(Caption-style text data)
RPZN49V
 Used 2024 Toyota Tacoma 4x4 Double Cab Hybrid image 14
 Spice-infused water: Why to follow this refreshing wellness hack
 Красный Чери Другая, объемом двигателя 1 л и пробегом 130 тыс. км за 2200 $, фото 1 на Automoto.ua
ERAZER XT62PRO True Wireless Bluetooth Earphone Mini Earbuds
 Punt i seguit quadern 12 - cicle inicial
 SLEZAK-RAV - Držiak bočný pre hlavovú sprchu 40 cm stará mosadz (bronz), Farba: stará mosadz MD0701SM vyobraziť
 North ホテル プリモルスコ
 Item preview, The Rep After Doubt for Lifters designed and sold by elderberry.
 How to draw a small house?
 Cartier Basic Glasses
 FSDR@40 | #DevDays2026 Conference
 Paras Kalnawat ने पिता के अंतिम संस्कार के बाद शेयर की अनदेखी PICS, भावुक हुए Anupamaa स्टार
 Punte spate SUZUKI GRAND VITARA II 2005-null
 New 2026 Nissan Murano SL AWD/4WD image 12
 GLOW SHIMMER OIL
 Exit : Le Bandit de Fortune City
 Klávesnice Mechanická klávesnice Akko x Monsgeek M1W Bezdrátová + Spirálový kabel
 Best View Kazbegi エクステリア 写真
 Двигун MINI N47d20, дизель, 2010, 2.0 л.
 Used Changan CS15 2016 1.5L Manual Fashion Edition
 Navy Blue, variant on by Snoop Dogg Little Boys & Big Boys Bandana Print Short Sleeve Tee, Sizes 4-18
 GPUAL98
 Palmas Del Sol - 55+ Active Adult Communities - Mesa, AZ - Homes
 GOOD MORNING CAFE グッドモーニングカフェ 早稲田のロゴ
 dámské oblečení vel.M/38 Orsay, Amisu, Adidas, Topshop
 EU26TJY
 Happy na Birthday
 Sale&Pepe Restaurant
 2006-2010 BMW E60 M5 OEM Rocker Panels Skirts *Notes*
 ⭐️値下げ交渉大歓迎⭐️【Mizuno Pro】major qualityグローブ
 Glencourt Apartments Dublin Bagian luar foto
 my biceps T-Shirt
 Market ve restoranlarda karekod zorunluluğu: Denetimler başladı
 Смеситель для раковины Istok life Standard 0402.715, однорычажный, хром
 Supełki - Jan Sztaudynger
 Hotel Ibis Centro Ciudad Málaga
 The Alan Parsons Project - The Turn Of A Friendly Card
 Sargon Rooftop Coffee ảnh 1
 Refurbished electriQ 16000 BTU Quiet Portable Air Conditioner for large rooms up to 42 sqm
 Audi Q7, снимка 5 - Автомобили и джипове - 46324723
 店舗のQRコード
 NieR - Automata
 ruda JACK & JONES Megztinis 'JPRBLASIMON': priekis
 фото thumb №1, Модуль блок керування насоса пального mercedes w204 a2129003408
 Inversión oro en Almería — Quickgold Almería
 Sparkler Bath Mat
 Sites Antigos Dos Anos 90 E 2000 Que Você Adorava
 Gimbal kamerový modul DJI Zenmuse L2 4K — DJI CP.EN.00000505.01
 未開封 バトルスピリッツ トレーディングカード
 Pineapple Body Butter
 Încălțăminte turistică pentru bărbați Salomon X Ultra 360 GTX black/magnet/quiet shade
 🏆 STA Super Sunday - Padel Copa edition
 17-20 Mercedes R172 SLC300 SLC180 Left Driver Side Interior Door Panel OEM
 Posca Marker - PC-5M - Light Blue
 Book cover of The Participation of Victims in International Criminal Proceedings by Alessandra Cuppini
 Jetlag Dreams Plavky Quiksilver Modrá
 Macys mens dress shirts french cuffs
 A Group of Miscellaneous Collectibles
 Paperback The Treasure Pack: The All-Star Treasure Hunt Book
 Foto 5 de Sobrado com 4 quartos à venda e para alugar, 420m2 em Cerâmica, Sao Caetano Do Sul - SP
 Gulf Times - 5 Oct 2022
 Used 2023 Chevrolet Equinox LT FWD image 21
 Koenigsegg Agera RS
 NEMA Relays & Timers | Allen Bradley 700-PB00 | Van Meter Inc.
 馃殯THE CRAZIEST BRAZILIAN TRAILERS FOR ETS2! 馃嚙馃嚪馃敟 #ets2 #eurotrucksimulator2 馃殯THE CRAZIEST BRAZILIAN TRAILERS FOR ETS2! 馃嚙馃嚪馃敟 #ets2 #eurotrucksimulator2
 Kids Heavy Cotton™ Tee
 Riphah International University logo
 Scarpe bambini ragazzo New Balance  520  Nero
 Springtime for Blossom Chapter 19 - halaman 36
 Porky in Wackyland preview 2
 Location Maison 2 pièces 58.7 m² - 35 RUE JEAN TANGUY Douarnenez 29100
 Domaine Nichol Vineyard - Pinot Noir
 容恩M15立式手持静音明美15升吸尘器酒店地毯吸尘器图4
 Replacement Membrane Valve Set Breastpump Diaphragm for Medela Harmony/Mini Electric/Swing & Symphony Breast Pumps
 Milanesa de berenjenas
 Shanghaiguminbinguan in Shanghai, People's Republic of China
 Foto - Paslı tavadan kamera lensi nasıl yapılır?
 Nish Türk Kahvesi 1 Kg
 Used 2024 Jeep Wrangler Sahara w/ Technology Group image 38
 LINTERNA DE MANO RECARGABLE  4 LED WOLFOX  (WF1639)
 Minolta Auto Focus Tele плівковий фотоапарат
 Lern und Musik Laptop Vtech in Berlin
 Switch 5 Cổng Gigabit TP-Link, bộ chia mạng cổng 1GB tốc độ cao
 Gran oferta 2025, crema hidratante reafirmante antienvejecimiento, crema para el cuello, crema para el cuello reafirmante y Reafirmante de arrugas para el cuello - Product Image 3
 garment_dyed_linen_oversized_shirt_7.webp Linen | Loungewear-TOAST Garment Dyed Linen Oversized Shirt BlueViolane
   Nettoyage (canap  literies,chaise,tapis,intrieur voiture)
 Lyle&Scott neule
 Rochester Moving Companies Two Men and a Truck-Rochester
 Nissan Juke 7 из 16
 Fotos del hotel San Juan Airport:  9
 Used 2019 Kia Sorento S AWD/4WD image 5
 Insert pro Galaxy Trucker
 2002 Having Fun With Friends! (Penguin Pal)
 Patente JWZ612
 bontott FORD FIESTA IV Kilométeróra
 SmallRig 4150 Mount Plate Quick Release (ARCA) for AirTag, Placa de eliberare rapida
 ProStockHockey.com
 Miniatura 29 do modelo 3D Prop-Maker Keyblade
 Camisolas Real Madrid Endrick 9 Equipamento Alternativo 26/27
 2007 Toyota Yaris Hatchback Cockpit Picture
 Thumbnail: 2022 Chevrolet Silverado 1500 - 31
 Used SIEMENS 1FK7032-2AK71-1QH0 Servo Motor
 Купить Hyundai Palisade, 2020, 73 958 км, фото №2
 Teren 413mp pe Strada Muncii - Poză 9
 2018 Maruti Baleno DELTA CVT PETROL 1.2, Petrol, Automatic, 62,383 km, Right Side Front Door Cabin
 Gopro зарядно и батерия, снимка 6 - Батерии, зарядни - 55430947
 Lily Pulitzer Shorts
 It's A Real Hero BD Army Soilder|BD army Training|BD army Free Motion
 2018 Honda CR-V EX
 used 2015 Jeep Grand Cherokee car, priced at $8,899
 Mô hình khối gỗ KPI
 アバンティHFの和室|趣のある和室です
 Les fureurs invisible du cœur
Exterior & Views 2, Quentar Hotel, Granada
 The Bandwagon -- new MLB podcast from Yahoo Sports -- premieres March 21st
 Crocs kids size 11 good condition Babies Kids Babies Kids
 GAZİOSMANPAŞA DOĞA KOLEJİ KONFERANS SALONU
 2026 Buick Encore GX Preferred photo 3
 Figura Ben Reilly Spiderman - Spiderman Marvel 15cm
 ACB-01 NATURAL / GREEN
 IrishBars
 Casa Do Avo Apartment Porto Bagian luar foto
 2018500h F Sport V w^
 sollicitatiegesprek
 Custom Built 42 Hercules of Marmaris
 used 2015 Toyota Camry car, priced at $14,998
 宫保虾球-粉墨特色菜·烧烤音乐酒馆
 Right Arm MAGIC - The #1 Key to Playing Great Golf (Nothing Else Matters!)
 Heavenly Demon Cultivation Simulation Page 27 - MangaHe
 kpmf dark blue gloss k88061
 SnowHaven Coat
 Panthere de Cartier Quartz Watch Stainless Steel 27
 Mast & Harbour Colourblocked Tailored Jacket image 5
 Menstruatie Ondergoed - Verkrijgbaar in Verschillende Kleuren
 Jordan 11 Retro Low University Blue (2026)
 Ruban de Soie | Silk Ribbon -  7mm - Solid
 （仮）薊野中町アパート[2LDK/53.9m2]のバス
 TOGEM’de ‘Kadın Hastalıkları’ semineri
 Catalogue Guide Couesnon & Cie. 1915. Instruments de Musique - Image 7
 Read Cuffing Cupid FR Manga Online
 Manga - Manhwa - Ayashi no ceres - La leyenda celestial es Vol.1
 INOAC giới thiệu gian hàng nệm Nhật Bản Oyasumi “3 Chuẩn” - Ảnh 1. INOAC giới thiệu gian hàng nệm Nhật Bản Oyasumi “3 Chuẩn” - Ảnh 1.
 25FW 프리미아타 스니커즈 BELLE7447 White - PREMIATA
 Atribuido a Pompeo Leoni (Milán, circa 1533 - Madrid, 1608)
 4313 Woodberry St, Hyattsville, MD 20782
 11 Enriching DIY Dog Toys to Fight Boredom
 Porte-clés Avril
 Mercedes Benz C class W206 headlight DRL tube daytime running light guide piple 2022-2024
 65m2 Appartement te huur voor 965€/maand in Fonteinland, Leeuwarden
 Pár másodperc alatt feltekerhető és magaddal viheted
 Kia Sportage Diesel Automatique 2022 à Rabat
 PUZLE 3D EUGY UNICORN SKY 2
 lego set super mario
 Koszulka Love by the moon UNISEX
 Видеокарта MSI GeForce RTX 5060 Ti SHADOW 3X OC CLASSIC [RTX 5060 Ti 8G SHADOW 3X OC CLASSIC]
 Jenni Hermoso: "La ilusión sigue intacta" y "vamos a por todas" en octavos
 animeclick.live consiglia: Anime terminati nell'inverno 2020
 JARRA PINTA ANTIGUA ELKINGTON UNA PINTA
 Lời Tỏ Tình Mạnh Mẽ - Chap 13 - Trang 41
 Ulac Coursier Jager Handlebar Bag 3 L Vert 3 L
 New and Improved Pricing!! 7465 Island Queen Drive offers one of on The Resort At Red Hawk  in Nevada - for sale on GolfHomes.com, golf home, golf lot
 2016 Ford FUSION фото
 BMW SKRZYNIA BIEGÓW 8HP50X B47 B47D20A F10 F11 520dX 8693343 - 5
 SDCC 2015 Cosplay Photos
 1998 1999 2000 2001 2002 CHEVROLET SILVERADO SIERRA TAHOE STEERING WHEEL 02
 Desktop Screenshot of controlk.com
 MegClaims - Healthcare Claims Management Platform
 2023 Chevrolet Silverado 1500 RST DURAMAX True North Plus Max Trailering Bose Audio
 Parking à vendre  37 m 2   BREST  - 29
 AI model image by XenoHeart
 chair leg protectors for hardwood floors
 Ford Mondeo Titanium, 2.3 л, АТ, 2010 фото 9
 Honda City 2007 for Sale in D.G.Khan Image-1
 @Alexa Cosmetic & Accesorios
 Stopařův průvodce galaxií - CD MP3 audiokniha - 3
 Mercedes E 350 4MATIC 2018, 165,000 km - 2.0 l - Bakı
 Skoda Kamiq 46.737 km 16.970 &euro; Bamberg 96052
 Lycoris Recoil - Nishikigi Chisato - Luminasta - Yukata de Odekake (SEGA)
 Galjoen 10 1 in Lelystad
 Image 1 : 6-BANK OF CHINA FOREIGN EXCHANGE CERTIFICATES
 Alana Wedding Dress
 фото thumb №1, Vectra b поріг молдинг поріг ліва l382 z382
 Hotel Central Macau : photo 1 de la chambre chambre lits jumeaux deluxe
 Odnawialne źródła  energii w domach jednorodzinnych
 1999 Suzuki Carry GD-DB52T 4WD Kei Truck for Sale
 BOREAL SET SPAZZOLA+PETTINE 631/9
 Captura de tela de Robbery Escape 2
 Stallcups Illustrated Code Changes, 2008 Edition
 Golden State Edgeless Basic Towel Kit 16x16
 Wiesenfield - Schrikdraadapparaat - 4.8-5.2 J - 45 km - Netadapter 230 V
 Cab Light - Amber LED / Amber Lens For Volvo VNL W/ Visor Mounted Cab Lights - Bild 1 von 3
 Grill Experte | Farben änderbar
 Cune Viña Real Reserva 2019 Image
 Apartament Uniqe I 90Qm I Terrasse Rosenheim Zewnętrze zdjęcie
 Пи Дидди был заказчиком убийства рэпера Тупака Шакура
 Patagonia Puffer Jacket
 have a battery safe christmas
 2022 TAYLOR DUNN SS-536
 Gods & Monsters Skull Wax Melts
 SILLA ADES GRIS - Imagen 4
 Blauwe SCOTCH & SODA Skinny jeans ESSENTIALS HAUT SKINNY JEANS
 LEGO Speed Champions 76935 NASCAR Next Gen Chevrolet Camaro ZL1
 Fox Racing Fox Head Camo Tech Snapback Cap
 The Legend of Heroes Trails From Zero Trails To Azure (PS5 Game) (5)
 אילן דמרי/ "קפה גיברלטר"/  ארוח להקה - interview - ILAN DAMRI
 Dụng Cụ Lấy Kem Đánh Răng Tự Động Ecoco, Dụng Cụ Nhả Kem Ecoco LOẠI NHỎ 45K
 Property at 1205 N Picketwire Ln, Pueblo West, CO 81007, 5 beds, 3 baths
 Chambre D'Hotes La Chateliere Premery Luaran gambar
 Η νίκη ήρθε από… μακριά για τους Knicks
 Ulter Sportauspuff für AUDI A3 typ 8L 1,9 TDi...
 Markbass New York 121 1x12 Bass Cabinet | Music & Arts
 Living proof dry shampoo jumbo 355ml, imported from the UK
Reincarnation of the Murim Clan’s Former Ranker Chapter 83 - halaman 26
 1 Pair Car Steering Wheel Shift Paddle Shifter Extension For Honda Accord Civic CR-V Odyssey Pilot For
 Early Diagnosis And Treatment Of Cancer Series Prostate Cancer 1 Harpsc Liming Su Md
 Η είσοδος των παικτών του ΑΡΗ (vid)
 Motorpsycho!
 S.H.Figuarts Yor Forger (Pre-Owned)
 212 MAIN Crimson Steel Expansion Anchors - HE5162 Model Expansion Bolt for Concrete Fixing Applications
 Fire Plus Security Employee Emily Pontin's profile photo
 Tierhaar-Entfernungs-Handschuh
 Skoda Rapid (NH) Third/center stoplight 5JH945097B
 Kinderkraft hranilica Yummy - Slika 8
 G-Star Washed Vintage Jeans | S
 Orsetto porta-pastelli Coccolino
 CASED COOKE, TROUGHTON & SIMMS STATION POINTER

* Task to carry out *
Print, without alteration, only the lines above between the one holding "Spice-infused water: Why" and the one holding "Klávesnice Mechanická klávesnice", inclusive.

* Answer to the exercise *
 Spice-infused water: Why to follow this refreshing wellness hack
 Красный Чери Другая, объемом двигателя 1 л и пробегом 130 тыс. км за 2200 $, фото 1 на Automoto.ua
ERAZER XT62PRO True Wireless Bluetooth Earphone Mini Earbuds
 Punt i seguit quadern 12 - cicle inicial
 SLEZAK-RAV - Držiak bočný pre hlavovú sprchu 40 cm stará mosadz (bronz), Farba: stará mosadz MD0701SM vyobraziť
 North ホテル プリモルスコ
 Item preview, The Rep After Doubt for Lifters designed and sold by elderberry.
 How to draw a small house?
 Cartier Basic Glasses
 FSDR@40 | #DevDays2026 Conference
 Paras Kalnawat ने पिता के अंतिम संस्कार के बाद शेयर की अनदेखी PICS, भावुक हुए Anupamaa स्टार
 Punte spate SUZUKI GRAND VITARA II 2005-null
 New 2026 Nissan Murano SL AWD/4WD image 12
 GLOW SHIMMER OIL
 Exit : Le Bandit de Fortune City
 Klávesnice Mechanická klávesnice Akko x Monsgeek M1W Bezdrátová + Spirálový kabel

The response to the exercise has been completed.